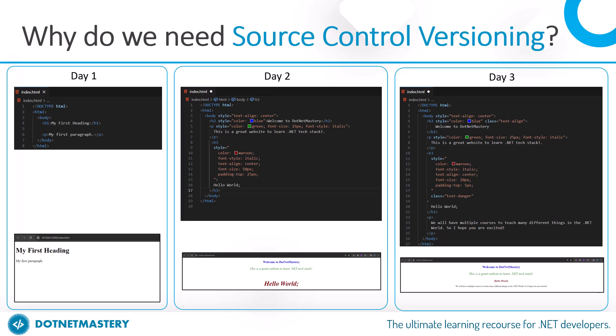That is where version controlling comes into picture. Whenever you think you are in a stable state of code, you can commit that to a version control system. You call it version one on day one, version two on day two, and version three on day three, as an example.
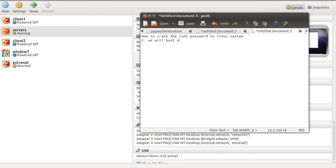The first step will be to put our machine in run level 1. The advantage of run level 1 is that all the file systems in Linux are mounted but networking is disabled. We will first pass the kernel parameters to put the machine into run level 1.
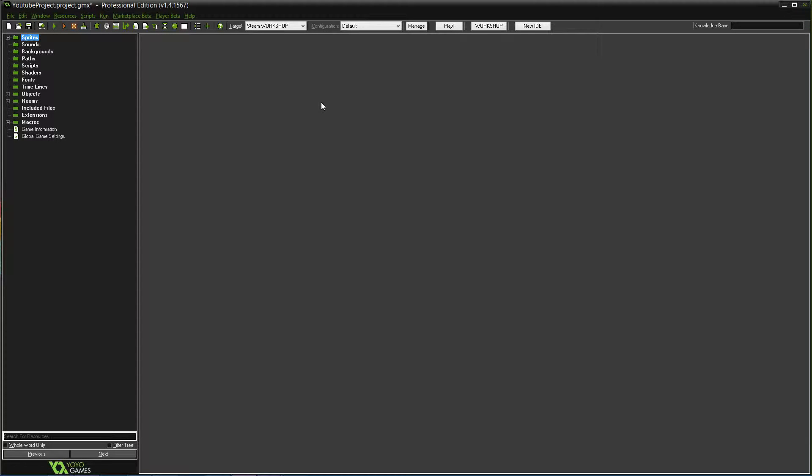What's up Legends? LGG Alden here. I'm back with episode 13 of my Game Maker Tutorials.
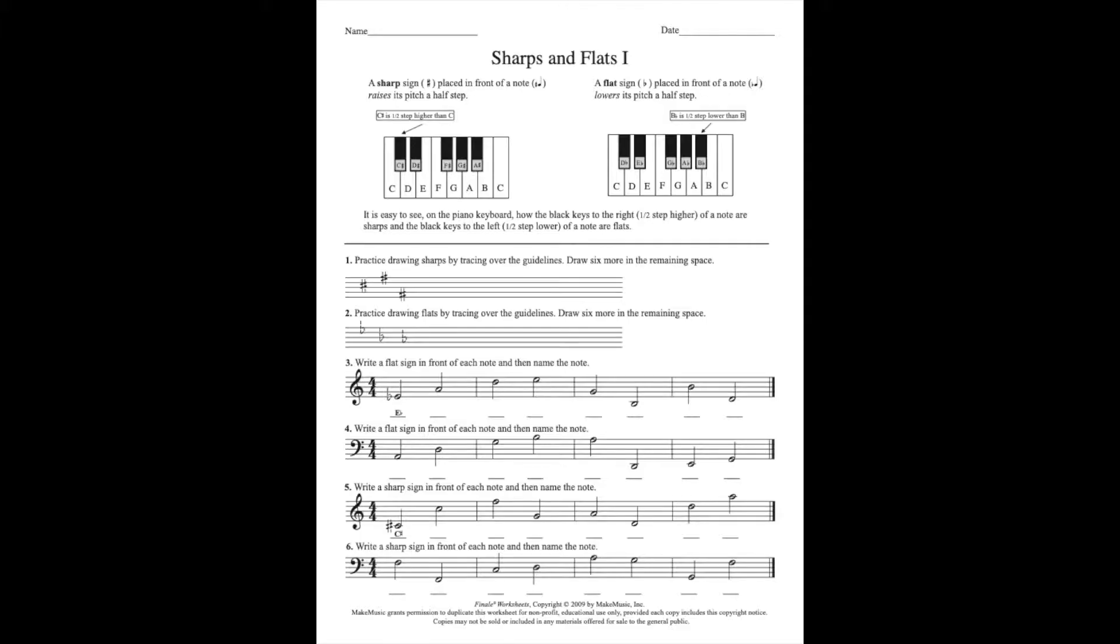Your homework on this video is going to be the sheet called Sharps and Flats One. Simply what we need to do here is follow the instructions. Number one says to practice drawing sharps by tracing over the guidelines for the first three sharps, and then draw six more. Same thing with number two, but now we're doing flats.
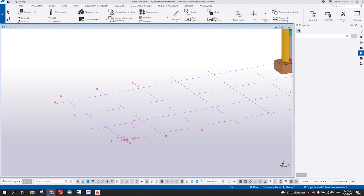We cannot do anything about the raster because that one is just a scanned copy or just a JPEG inside the PDF. But the PDF file that we usually import inside Tekla Structure is more on the vector type.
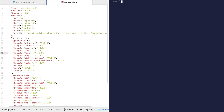Let's add Prettier CLI to run on our codebase as a pre-commit hook. For this we need the lint-staged and husky packages. Let's install them as a dev dependency.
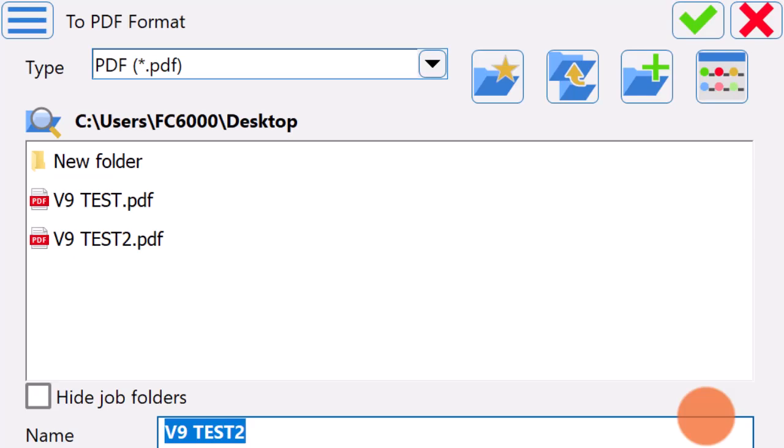Enter in a name for the report, select the file directory to save the report, and hit the green tick button to save the Productivity Report.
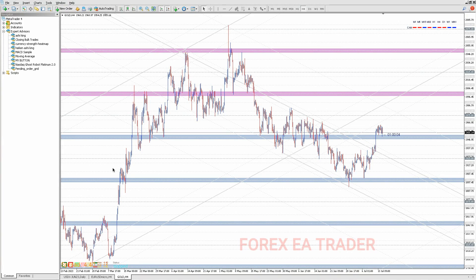Hi guys, welcome back to another video. In today's quick video we are just going to see how we can create a forex robot that we can use to close bulk trades — either winning trades or losing trades — when you just want to get rid of all the trades you are no longer wanting to be running in the markets.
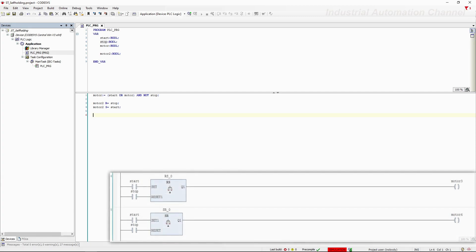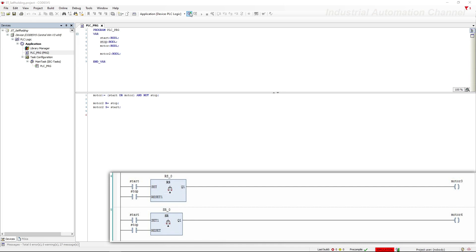We have another way to write this program in Codesys using RS or SR functions. SR and RS functions keep the output status — whenever you press start the output will be true, and releasing start it remains true. To turn off the output you need to press the reset input. The difference between SR and RS is that in SR, set has more priority, and in RS, reset has more priority. So if both set and reset are true, the SR function output will be true but the RS output will be false.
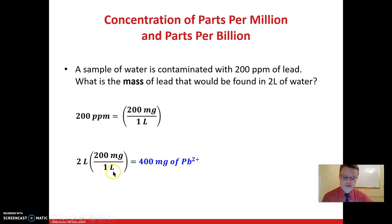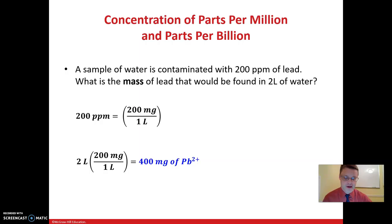We put in our conversion factor such that the liters unit cancels out, leaving us with units of milligrams. Then we just do the math: 2 times 200 is 400, so we would have 400 milligrams of lead ion. When we say lead, we mean lead ion — ionic lead, not lead metal in its elemental state.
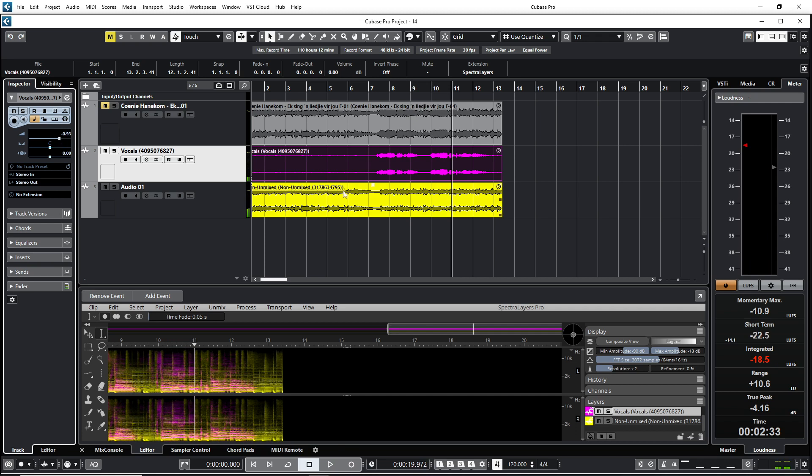Okay, so there you have it. Spectralayers 10 where you can remove the vocal from the song. Thank you for watching the video. And let me know in the comments what you think about Spectralayers 10 Pro. Thank you for watching. Bye bye.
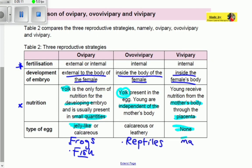For viviparous species, most of the time it's mammals — animals that breastfeed their young. We're talking about us humans, chimpanzees, and similar animals. So this is your oviparous, ovoviviparous, and viviparous — it is all about reproduction. Thank you for watching. Don't forget to subscribe and tell your friends to stay tuned.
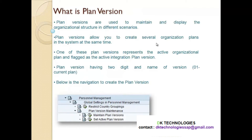Now the third topic is planned versions. Planned versions are used to maintain and display the organizational structure in different scenarios. Like in real life, you refer to version 1, version 2, version 3 when you want to compare. Similarly, planned versions in SAP are created to compare different organizational structures, for testing purposes.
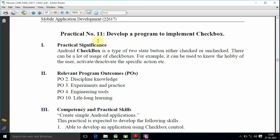Okay, welcome students. We are going to do Practical Number 11: develop a program to implement checkbox. Here we are going to read the practical significance. Android checkbox is a type of two-state button, either checked or unchecked.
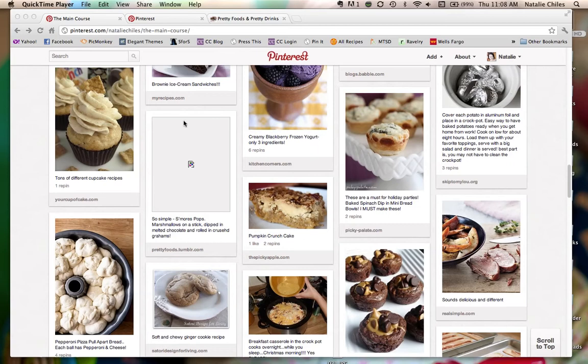And right here I have a broken pin. The graphic is not working. And it sounds like a good one. So simple. S'mores pops - marshmallows on a stick dipped in melted chocolate, rolled in crushed graham crackers. Delicious. I want to see that picture.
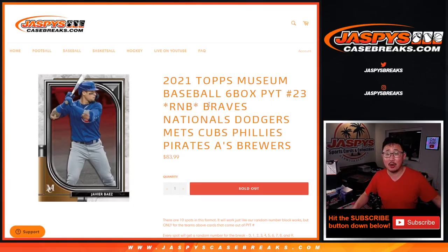Four, pick your team number 23. That's how the number block works right there. Number zero gets any and all redemptions. Big thanks to everyone here for getting in on it.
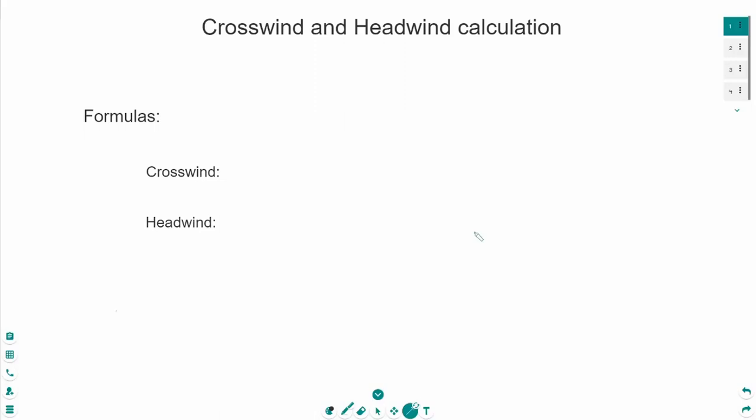Hello again people, and welcome to this video. Today we will learn how to calculate the cross and headwind. Let's first start with the most important thing, the formulas.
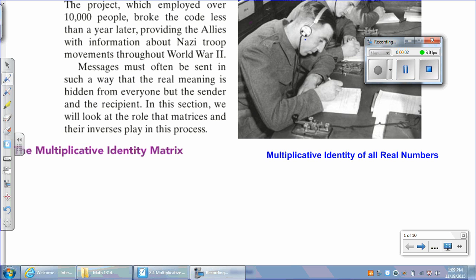This video will cover section 8.4, Multiplicative Inverses and Matrices and Matrix Equations. We already reviewed the introduction paragraph of the lesson, so you may read that on your own.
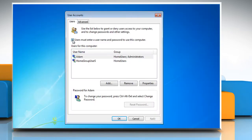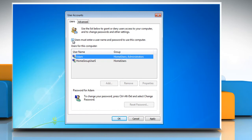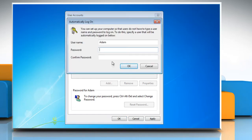Uncheck the 'Users must enter a username and password to use this computer' checkbox and then click OK. On the automatically log on dialog box, type your password and then confirm it. Click OK.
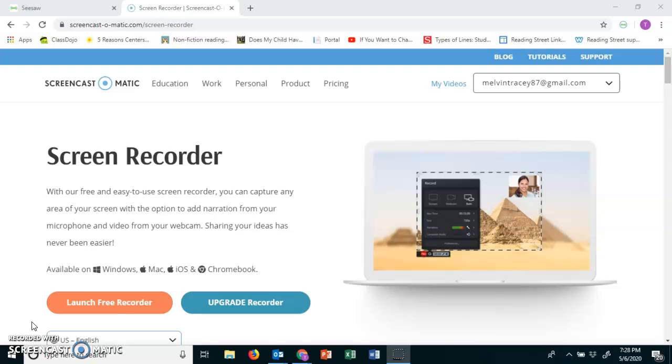Beforehand, I need you to get out your red math notebook. Go to the first available page. Date it for May 7th, 2020. Title it Zoom Fraction Review.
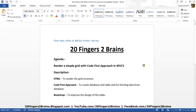Hello friends. In this video we are going to see how to render a simple grid with code first approach in MVC5. In order to render this simple grid, we are going to use HTML structure to render the grid structure. We are going to use code first approach to create database and table and for fetching data from the database. We are going to use Bootstrap to improve the design of the table.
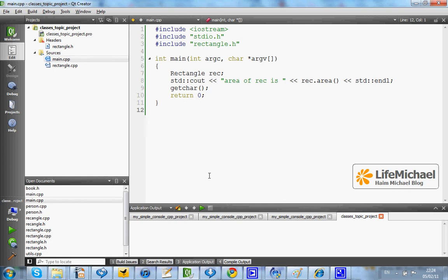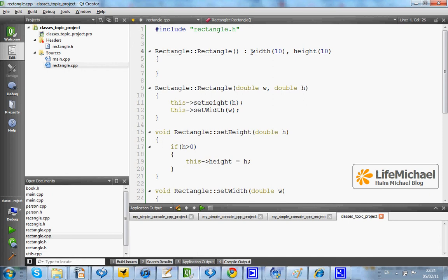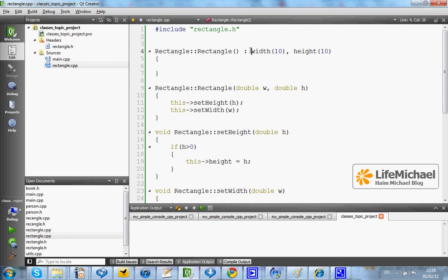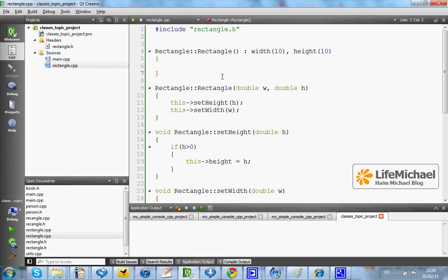The initializer list is an alternative way for initializing the members of the new object. Here in this code sample we can find this initializer list that refers to width and height, two members that exist in each and every new object instantiated from the class Rectangle. This initializer list will be executed when we instantiate Rectangle using this zero argument constructor.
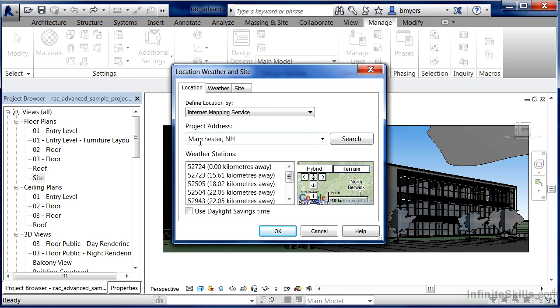If we'd wanted to do a different address at this point, we could just highlight this, type in a different address, and then click on Search, and it would automatically find that address at that particular location on the face of the Earth.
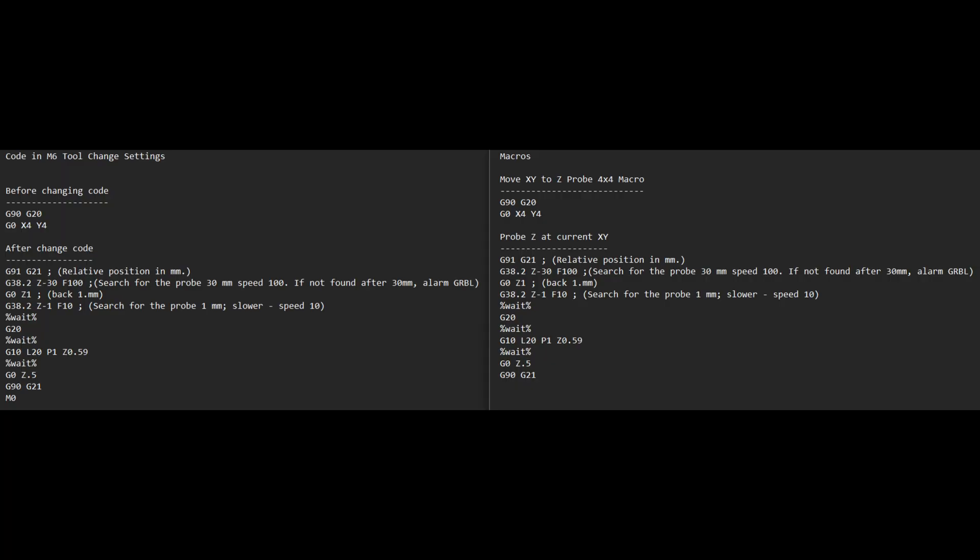I'll put up the code that I used. Some of it may not be necessary, it may all be necessary — I know it worked for me. If you want to modify it, or if you know something that I did wrong, let me know. On the left is what I have for the M6 tool change. On the right are the two separate macros. Note the only real difference is the M0 at the bottom on the left.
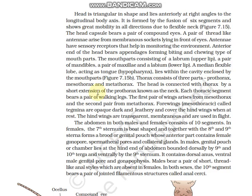The thorax has three parts: prothorax, mesothorax, and metathorax. The head is connected to the thorax by an extension of the prothorax known as the neck. Each thoracic segment bears a pair of walking legs, giving six legs in total (three pairs). The first pair of wings arises from the mesothorax and the second pair from the metathorax. The mesothoracic wing is called the tegma — these are opaque, dark, leathery structures that cover the hind wing at rest. The metathoracic wing is transparent and membranous and is used for flight, not the mesothoracic wing.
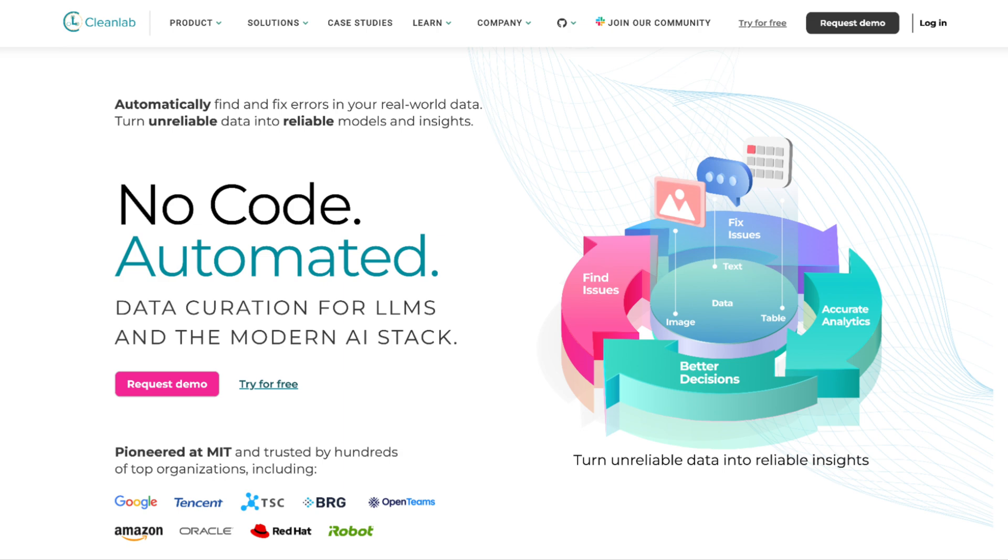CleanLab Studio is an AI platform that can help you automatically find and fix issues in your dataset. Improving the quality of your data and producing a corrected version of your dataset leads to more reliable models and analytics.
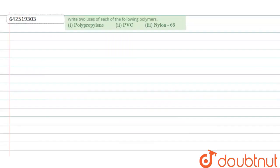The question given is: write two uses of each of the following polymers. The first one is polypropylene, second is PVC, and third is nylon 6-6. We have to tell the uses of these polymers.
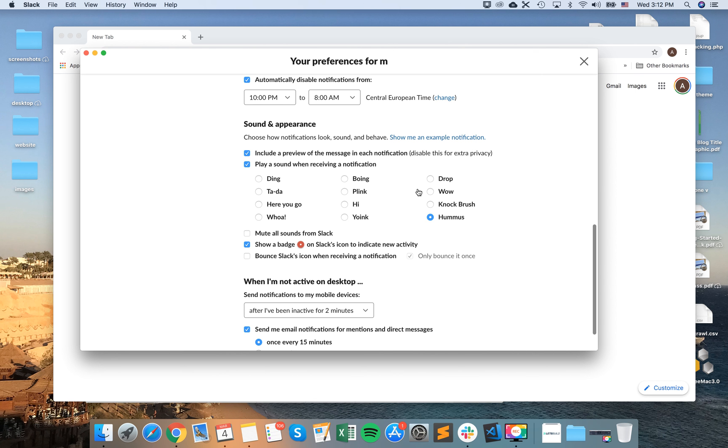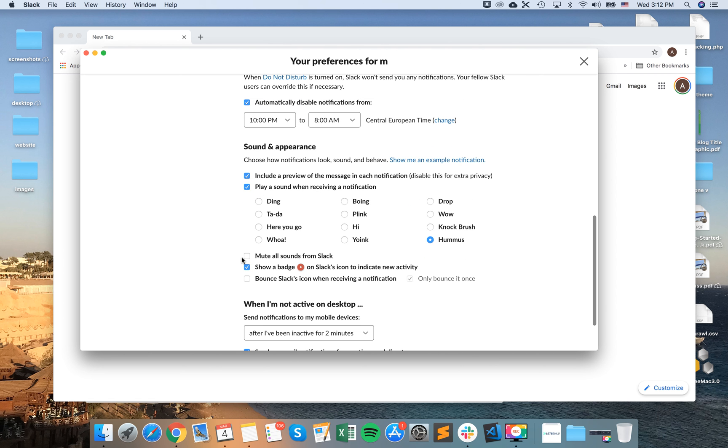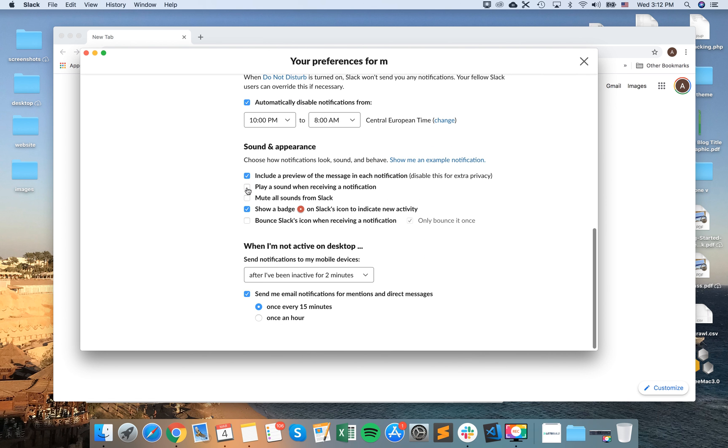So there you have it. If you want to mute all sounds you can click this icon. You can also just disable and you won't get a sound when receiving notification from Slack.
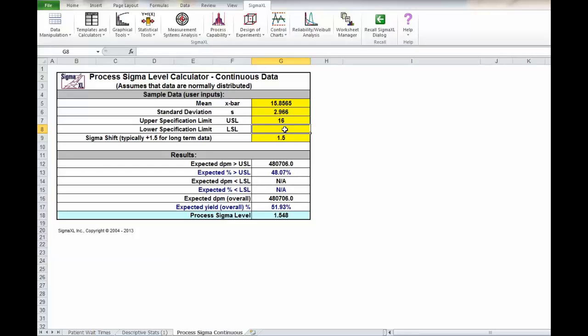Immediately you can see you have a sigma level of 1.548 and a yield of 51.93 percent. That completes your complete baseline. I hope our answers match. Let's go back to the material and see what else we can learn.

PROBLEM
Write out each line of the data exactly; the images should be left out.

ANSWER BELOW
That is where version controlling comes into picture. Whenever you think you are in a stable state of code, you can commit that to a version control system. You call it version one on day one, version two on day two, and version three on day three, as an example.
The first step will be to put our machine in run level 1. The advantage of run level 1 is that all the file systems in Linux are mounted but networking is disabled. We will first pass the kernel parameters to put the machine into run level 1.
What's up Legends? LGG Alden here. I'm back with episode 13 of my Game Maker Tutorials.
Your homework on this video is going to be the sheet called Sharps and Flats One. Simply what we need to do here is follow the instructions. Number one says to practice drawing sharps by tracing over the guidelines for the first three sharps, and then draw six more. Same thing with number two, but now we're doing flats.
We cannot do anything about the raster because that one is just a scanned copy or just a JPEG inside the PDF. But the PDF file that we usually import inside Tekla Structure is more on the vector type.
Let's add Prettier CLI to run on our codebase as a pre-commit hook. For this we need the lint-staged and husky packages. Let's install them as a dev dependency.
Enter in a name for the report, select the file directory to save the report, and hit the green tick button to save the Productivity Report.
Hi guys, welcome back to another video. In today's quick video we are just going to see how we can create a forex robot that we can use to close bulk trades — either winning trades or losing trades — when you just want to get rid of all the trades you are no longer wanting to be running in the markets.
We have another way to write this program in Codesys using RS or SR functions. SR and RS functions keep the output status — whenever you press start the output will be true, and releasing start it remains true. To turn off the output you need to press the reset input. The difference between SR and RS is that in SR, set has more priority, and in RS, reset has more priority. So if both set and reset are true, the SR function output will be true but the RS output will be false.
We put in our conversion factor such that the liters unit cancels out, leaving us with units of milligrams. Then we just do the math: 2 times 200 is 400, so we would have 400 milligrams of lead ion. When we say lead, we mean lead ion — ionic lead, not lead metal in its elemental state.
Okay, so there you have it. Spectralayers 10 where you can remove the vocal from the song. Thank you for watching the video. And let me know in the comments what you think about Spectralayers 10 Pro. Thank you for watching. Bye bye.
For viviparous species, most of the time it's mammals — animals that breastfeed their young. We're talking about us humans, chimpanzees, and similar animals. So this is your oviparous, ovoviviparous, and viviparous — it is all about reproduction. Thank you for watching. Don't forget to subscribe and tell your friends to stay tuned.
Now the third topic is planned versions. Planned versions are used to maintain and display the organizational structure in different scenarios. Like in real life, you refer to version 1, version 2, version 3 when you want to compare. Similarly, planned versions in SAP are created to compare different organizational structures, for testing purposes.
Okay, welcome students. We are going to do Practical Number 11: develop a program to implement checkbox. Here we are going to read the practical significance. Android checkbox is a type of two-state button, either checked or unchecked.
And right here I have a broken pin. The graphic is not working. And it sounds like a good one. So simple. S'mores pops - marshmallows on a stick dipped in melted chocolate, rolled in crushed graham crackers. Delicious. I want to see that picture.
Four, pick your team number 23. That's how the number block works right there. Number zero gets any and all redemptions. Big thanks to everyone here for getting in on it.
Hello again people, and welcome to this video. Today we will learn how to calculate the cross and headwind. Let's first start with the most important thing, the formulas.
This video will cover section 8.4, Multiplicative Inverses and Matrices and Matrix Equations. We already reviewed the introduction paragraph of the lesson, so you may read that on your own.
Uncheck the 'Users must enter a username and password to use this computer' checkbox and then click OK. On the automatically log on dialog box, type your password and then confirm it. Click OK.
Beforehand, I need you to get out your red math notebook. Go to the first available page. Date it for May 7th, 2020. Title it Zoom Fraction Review.
Hello friends. In this video we are going to see how to render a simple grid with code first approach in MVC5. In order to render this simple grid, we are going to use HTML structure to render the grid structure. We are going to use code first approach to create database and table and for fetching data from the database. We are going to use Bootstrap to improve the design of the table.
The initializer list is an alternative way for initializing the members of the new object. Here in this code sample we can find this initializer list that refers to width and height, two members that exist in each and every new object instantiated from the class Rectangle. This initializer list will be executed when we instantiate Rectangle using this zero argument constructor.
If we'd wanted to do a different address at this point, we could just highlight this, type in a different address, and then click on Search, and it would automatically find that address at that particular location on the face of the Earth.
I'll put up the code that I used. Some of it may not be necessary, it may all be necessary — I know it worked for me. If you want to modify it, or if you know something that I did wrong, let me know. On the left is what I have for the M6 tool change. On the right are the two separate macros. Note the only real difference is the M0 at the bottom on the left.
The thorax has three parts: prothorax, mesothorax, and metathorax. The head is connected to the thorax by an extension of the prothorax known as the neck. Each thoracic segment bears a pair of walking legs, giving six legs in total (three pairs). The first pair of wings arises from the mesothorax and the second pair from the metathorax. The mesothoracic wing is called the tegma — these are opaque, dark, leathery structures that cover the hind wing at rest. The metathoracic wing is transparent and membranous and is used for flight, not the mesothoracic wing.
CleanLab Studio is an AI platform that can help you automatically find and fix issues in your dataset. Improving the quality of your data and producing a corrected version of your dataset leads to more reliable models and analytics.
The question given is: write two uses of each of the following polymers. The first one is polypropylene, second is PVC, and third is nylon 6-6. We have to tell the uses of these polymers.
So there you have it. If you want to mute all sounds you can click this icon. You can also just disable and you won't get a sound when receiving notification from Slack.
Immediately you can see you have a sigma level of 1.548 and a yield of 51.93 percent. That completes your complete baseline. I hope our answers match. Let's go back to the material and see what else we can learn.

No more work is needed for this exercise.